Pins 7 and 11 are going to be used to output a signal to the L298N Chip, and Pin 39 is a grounding pin, which will be connected to the same ground as the L298N Chip.
In the image above, the White wire is connected to Pin 7, the Blue wire is connected to Pin 11, and the Brown wire is connected to Pin 39.
Now that we are done with the wiring, we can start coding!
Programming the Raspberry Pi
To program our motor, we are going to use Python. If you are unfamiliar with the Python Programming language, feel free to visit my tutorial found here.
Our friend in this part will the the RPi.GPIO module.
Disclaimer : The Raspberry Pi foundation recommends using bespoke modules for specific hardware. Since we are trying to learn how to use GPIO pins to interface with any external sensors and motors, we will use the old way of interfacing with them.
We can consider using Object Oriented design when implementing our motors. In other words, our motor will be represented by a class.
In a file called motor.py, we will have the following code:
import RPi.GPIO as GPIO # Allows us to interface with the GPIO pins
class Motor:
# sets 2GPIO pins for clockwise and counter clockwise
def __init__(self, F, B):
self.pinFwd = F
self.pinBwd = B
GPIO.setmode(GPIO.BOARD) # Sets the pins to use the Board Numbering
GPIO.setup(self.pinFwd, GPIO.OUT) # Sets pin 1
GPIO.setup(self.pinBwd, GPIO.OUT) # Sets pin 2
def __del__(self):
# Destructor cleans up any open pins
GPIO.cleanup()
def forward(self):
# Sets pin 1 to ON and pin 2 to OFF
GPIO.output(self.pinFwd, GPIO.HIGH)
GPIO.output(self.pinBwd, GPIO.LOW)
def backward(self):
# Sets pin 1 to OFF and pin 2 to ON
GPIO.output(self.pinFwd, GPIO.LOW)
GPIO.output(self.Bwd, GPIO.HIGH)
def stop(self):
# Sets both pins to OFF
GPIO.output(self.pinFwd, GPIO.LOW)
GPIO.output(self.pinBwd, GPIO.LOW)
In the above code, a motor is defined by 2 main characteristics: a pin forward and a pin backward. The __init()__ method sets the two values for those pins, and methods forward(), backward(), and stop() cause the motor to spin clockwise, counterclockwise, and stop.
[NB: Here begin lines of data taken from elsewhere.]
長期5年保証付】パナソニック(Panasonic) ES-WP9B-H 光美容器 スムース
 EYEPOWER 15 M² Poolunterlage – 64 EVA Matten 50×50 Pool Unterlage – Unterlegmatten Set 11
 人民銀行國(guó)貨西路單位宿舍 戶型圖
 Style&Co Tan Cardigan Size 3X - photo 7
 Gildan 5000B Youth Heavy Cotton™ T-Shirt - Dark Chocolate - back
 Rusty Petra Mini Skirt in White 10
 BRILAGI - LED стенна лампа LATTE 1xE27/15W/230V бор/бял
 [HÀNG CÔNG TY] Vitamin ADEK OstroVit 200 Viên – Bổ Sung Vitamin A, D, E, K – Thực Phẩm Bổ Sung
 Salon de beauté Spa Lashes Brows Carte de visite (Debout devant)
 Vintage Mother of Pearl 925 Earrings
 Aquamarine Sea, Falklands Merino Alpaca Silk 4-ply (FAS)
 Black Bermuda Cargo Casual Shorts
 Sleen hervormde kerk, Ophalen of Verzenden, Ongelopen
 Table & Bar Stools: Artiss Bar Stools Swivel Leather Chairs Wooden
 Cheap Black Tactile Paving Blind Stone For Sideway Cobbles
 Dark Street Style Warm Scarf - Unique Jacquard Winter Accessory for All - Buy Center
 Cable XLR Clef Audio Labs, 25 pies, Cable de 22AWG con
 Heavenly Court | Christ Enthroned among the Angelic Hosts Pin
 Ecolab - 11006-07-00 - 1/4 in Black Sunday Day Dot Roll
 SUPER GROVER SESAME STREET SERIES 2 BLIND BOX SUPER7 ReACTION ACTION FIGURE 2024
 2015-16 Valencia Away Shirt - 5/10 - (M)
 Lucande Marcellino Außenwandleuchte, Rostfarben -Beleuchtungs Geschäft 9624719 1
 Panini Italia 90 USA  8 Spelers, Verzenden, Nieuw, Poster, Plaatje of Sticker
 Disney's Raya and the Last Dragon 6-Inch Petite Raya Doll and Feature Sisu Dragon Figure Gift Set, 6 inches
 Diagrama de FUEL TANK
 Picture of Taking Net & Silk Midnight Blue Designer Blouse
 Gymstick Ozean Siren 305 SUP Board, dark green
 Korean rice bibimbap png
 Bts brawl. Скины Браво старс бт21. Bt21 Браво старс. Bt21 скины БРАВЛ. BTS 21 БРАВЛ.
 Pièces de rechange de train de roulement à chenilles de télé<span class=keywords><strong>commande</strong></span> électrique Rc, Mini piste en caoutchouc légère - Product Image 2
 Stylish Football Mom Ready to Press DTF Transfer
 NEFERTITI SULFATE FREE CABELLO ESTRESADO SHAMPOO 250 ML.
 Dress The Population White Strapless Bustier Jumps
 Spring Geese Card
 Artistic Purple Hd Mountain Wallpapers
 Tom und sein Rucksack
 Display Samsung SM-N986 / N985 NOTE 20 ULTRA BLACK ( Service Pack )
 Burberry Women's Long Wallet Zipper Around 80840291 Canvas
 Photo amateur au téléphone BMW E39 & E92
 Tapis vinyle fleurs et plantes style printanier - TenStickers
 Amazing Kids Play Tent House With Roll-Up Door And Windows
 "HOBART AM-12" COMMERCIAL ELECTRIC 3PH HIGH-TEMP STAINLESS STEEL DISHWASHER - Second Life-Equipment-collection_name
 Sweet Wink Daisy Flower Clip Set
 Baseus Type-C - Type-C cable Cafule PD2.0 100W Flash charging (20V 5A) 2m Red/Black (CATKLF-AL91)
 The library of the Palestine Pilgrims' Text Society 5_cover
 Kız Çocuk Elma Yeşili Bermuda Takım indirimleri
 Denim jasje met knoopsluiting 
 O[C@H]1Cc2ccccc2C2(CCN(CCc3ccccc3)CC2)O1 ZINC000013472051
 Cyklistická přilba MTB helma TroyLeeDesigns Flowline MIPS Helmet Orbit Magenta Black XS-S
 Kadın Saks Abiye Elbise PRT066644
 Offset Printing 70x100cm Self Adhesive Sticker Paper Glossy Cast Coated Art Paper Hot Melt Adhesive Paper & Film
The __del()__ method is called when the motor object leaves scope, which will close any open pin connections.
Now in another file, call it main.py, we can import the motor class and create object from it.
The main.py file:
import motor # imports our motor.py class
import time
# Instantiates a motor using pins 7, 11
motor1 = motor.motor(7, 11)
motor1.forward()
time.sleep(2) # waits for 2 seconds
motor1.stop()
motor1.backward()
time.sleep(2)
motor.stop()
This file simply creates a motor object with pin 7 and pin 11 from the Raspberry Pi and moves the motor forward, backward, and stop.
To run this program, open up a terminal in the same location as the motor.py and main.py files and type python main.py. The motor will spin forward for 2 seconds, stop, then spin backwards for 2 seconds and stop.
Advancements
In this lesson, we only used 1 of the 2 motor heads available on the L298N chip. In future lessons, we will cover how to use both motor heads at the same time, as well as control the speed of the spin of the motors.